Take That Away

Rating: 3

The Band

by Richard Barber

As anyone who’s seen Jersey Boys, the gripping real-life story of the Four Seasons, can attest, there’s no need to impose a fictionalised story on the rise and fall and rise of a chart-topping group. Certainly, you’d have thought the presence of two alpha males in one band – Gary Barlow and Robbie Williams – would provide enough dramatic heft to a writer like Tim Firth, acclaimed for his small screen work (All Quiet on the Preston Front) and stage musicals (Calendar Girls, Kinky Boots).

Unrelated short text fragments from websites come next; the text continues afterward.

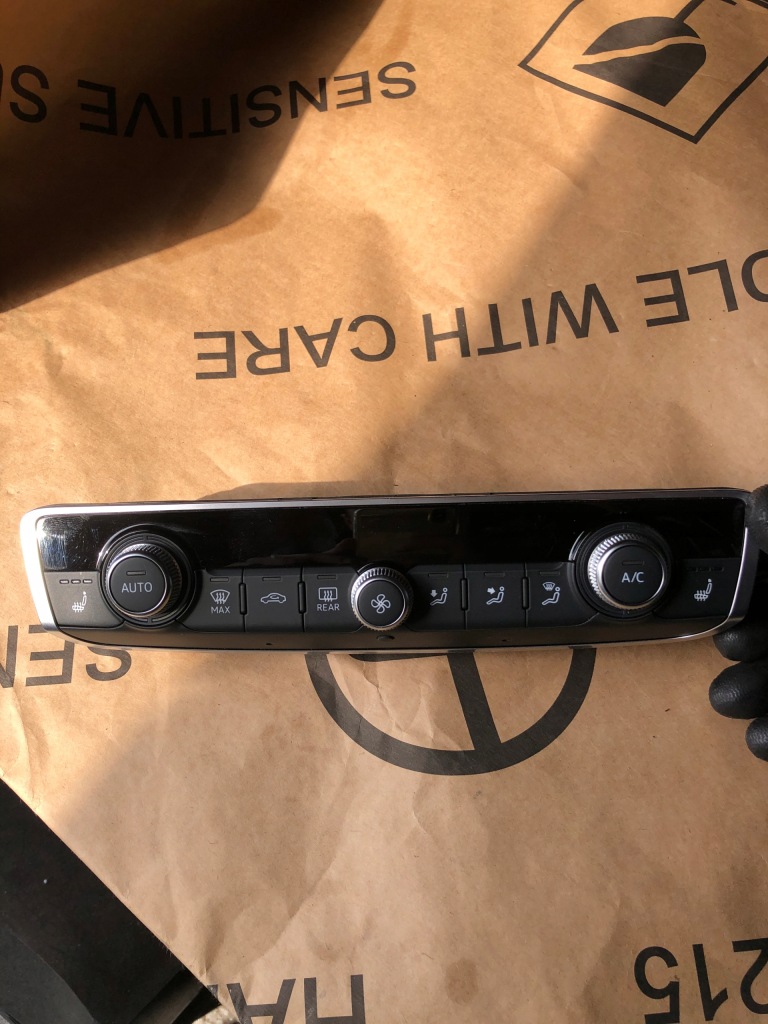 фото №1, Панель кондиционера audi a3 s3 rs3 8v0820043q lift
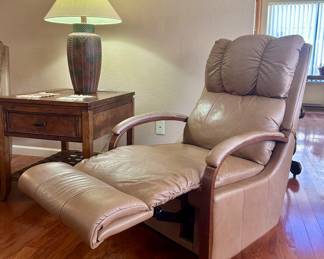 Reclining leather armchairs (set of 2)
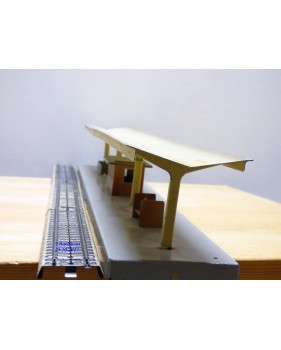 MÄRKLIN ancien 423,  quai de gare tout métal 
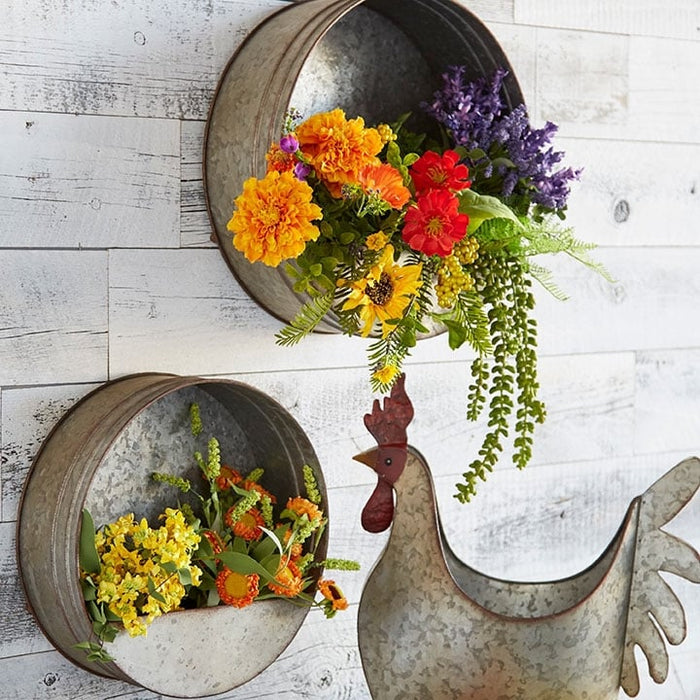 Galvanized Containers Great for Year Round Decorating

And yet here we have a sentimental, sometimes cloyingly so, tale of five 16-year-olds (one of whom doesn’t make it into adulthood) whose hero worship of take that extends into their forties, the target age, I assume, of the intended audience.

When the adult Rachel wins a radio competition to go and see the boys play in Prague, she re-contacts Claire, Heather and Zoe to see if they’ll come, too. The Band refers to the pop group, the quartet of women and the rubber bracelets they wear round their wrists.

So how have they fared in the intervening 25 years? Rachel (Rachel Lumberg, in the best performance of the night) has matured plausibly into a woman scared of ultimate commitment to Jeff (Martin Miller), the legacy of her parents’ turbulent marriage.

Meanwhile, we’re asked to believe the formerly superfit high diver, Claire, has morphed into a morbidly obese adult, although she does have one of the best lines in the show. The women are discussing their attitude to sex. ‘I like to have sex once with men,’ says Claire (Alison Fitzjohn). ‘And then I eat them.’

As a teenager, Heather also spread her favours far and wide. At one point, the bookish Zoe is enthusing about training for a Duke of Edinburgh Award.

‘Heather ought to get a Duke of York Award,’ says someone.

‘Why?’ asks someone else.

‘Because she’s had 10,000 men.’ But not for one moment was I persuaded she’d have matured into Emily Joyce’s firmly middle-class lesbian. And whatever happened to her generous décolletage along the way?

What earns the show its third star is the music, of course. Barlow is a prodigiously gifted writer of pop anthems: A Million Love Songs, Back For Good, Patience, Rule the World, for example. There was a TV talent show, let it shine, to find the five young men who comprise the band. Only two of the originals were on show when I caught the musical in Wimbledon, which raises the slightly hellish prospect of take that clones proliferating, amoeba-like, across the land.